Captioned web images
--*--
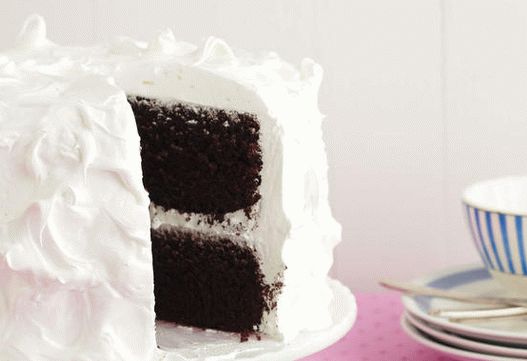 Photo Schokoladen Marshmallow Kuchen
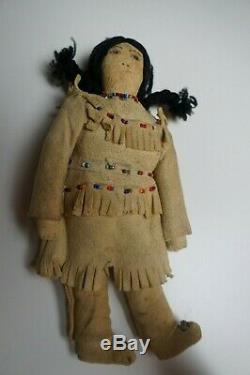 93# Antique Plain Indian DOLL Early 20th Century Native American
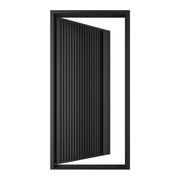 Iron Batten Pivot Entry Doors - Galvanised gallery detail image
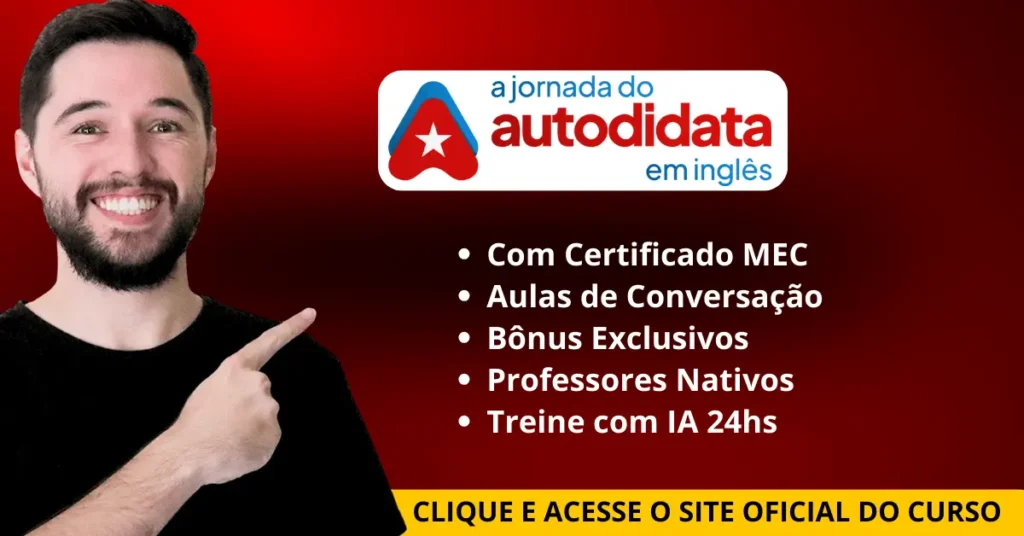 Jornada do Autodidata em Inglês review completo - análise de estrutura, preço, prós e contras, certificado MEC e resultados reais
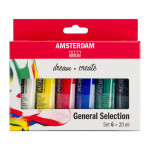 AMSTERDAM STANDARD ACRYLIC 6 X 20ML GENERAL SET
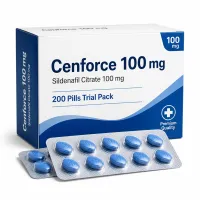 Cenforce 100 mg | Sildenafil Citrate 100 mg | 200 Pills Trial Pack – Bild 1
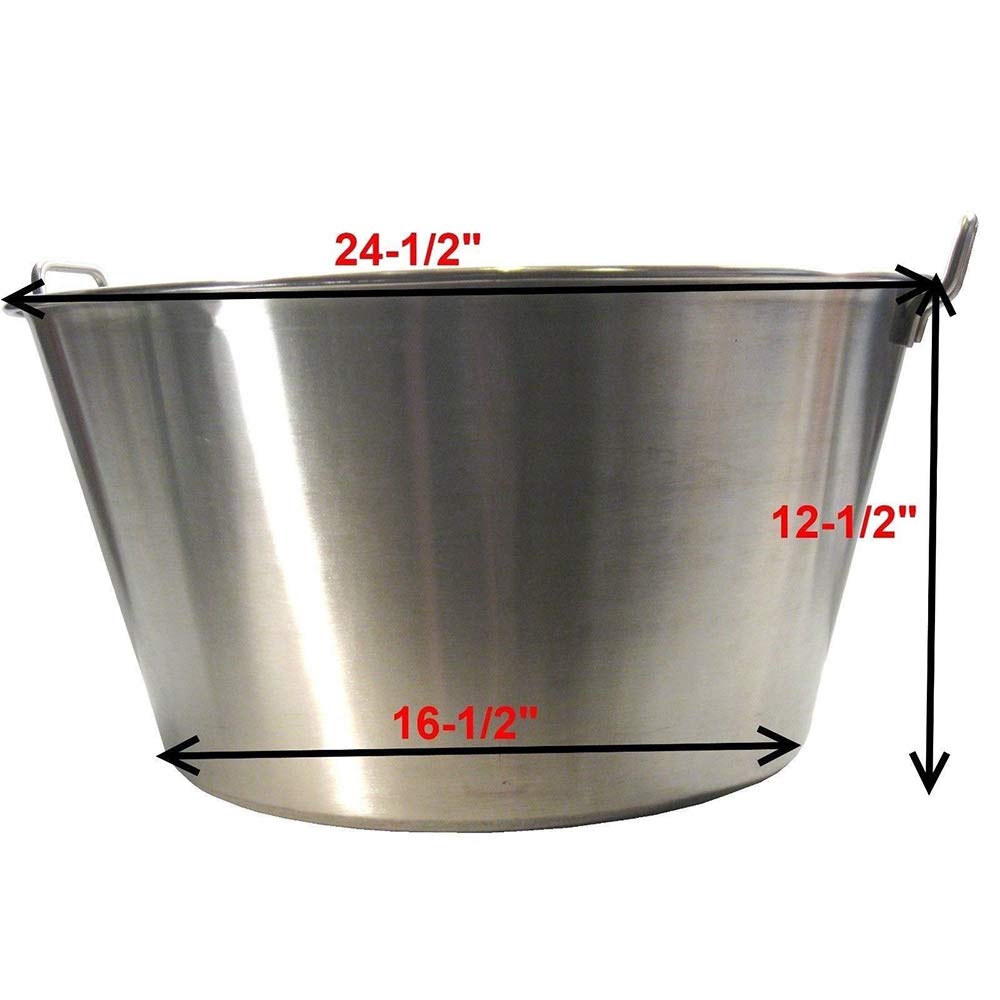 Extra Large Stainless Steel Carnitas Pan - 24.5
--*--
### TASK DIRECTIONS:
Type out the data above once more, exactly, with no images included.

### OUTPUT OF THE EXERCISE:
 Photo Schokoladen Marshmallow Kuchen
 93# Antique Plain Indian DOLL Early 20th Century Native American
 Iron Batten Pivot Entry Doors - Galvanised gallery detail image
 Jornada do Autodidata em Inglês review completo - análise de estrutura, preço, prós e contras, certificado MEC e resultados reais
 AMSTERDAM STANDARD ACRYLIC 6 X 20ML GENERAL SET
 Cenforce 100 mg | Sildenafil Citrate 100 mg | 200 Pills Trial Pack – Bild 1
 Extra Large Stainless Steel Carnitas Pan - 24.5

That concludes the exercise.